• WORK INSTRUCTIONS:
Output the entries exactly as they appear. Pictures should not be included.

BEGIN RECORDS FOR THIS TASK

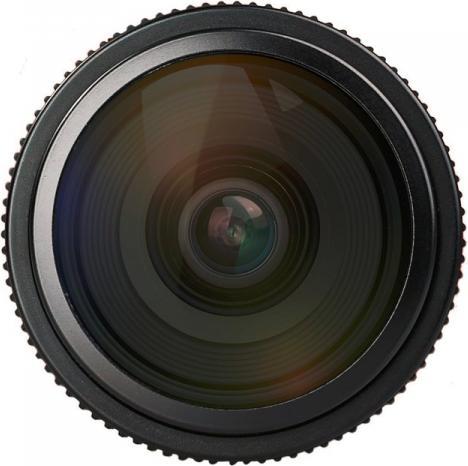 Immagine prodotto Meike 6.5mm f/2.0-22 Nikon 1 (Nikon 1, APS-C / DX)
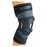 DJO Brace Sleeve Tru-Pull Advanced System Adult Patellofemoral Drytx Blk Sz Lg Rt Ea - 11-1292-4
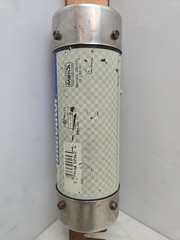 Littelfuse FLSR 400 ID Indicator 400A 600Vac Class RK5 Time-Delay Fuse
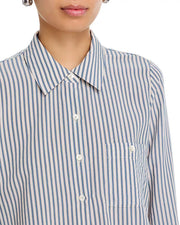 Beck Shirt Rails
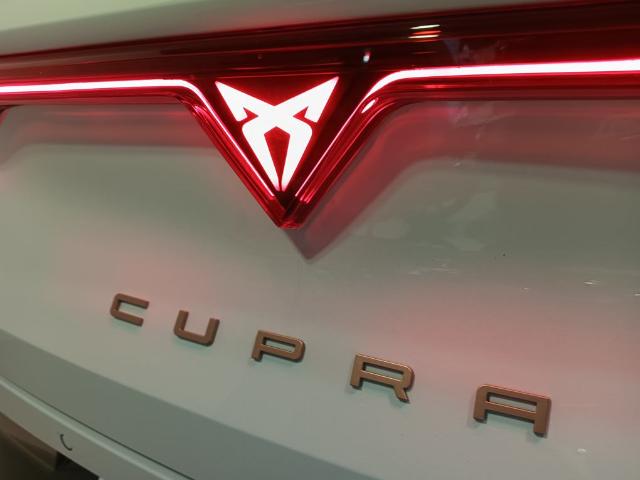 CUPRA Leon Sportstourer 1.5 TSI 110 kW (150 CV)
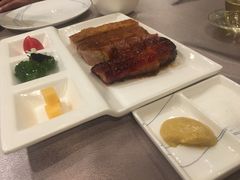 -广州文华东方酒店·江-由辉师傅主理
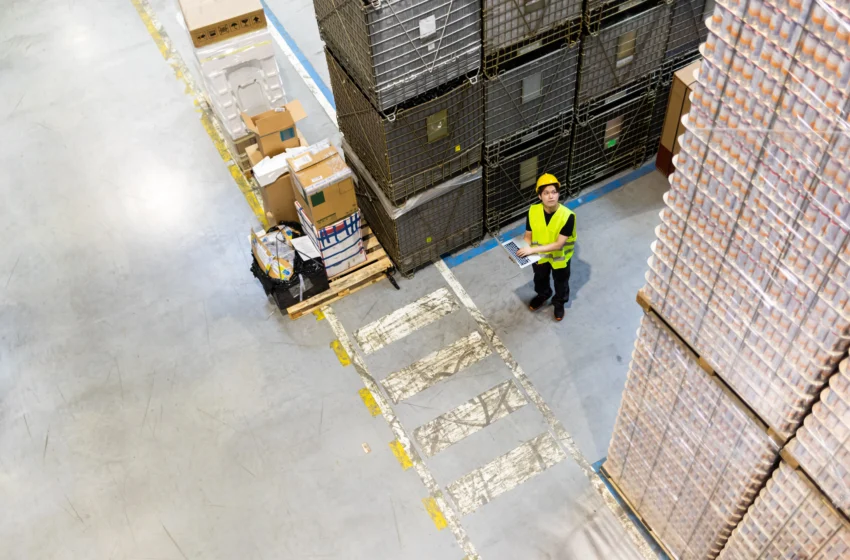 The Hidden Costs of Poor Warehouse Layouts — and How the Right MHE Strategy Solves Them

END RECORDS FOR THIS TASK

• REPLY:
 Immagine prodotto Meike 6.5mm f/2.0-22 Nikon 1 (Nikon 1, APS-C / DX)
 DJO Brace Sleeve Tru-Pull Advanced System Adult Patellofemoral Drytx Blk Sz Lg Rt Ea - 11-1292-4
 Littelfuse FLSR 400 ID Indicator 400A 600Vac Class RK5 Time-Delay Fuse
 Beck Shirt Rails
 CUPRA Leon Sportstourer 1.5 TSI 110 kW (150 CV)
 -广州文华东方酒店·江-由辉师傅主理
 The Hidden Costs of Poor Warehouse Layouts — and How the Right MHE Strategy Solves Them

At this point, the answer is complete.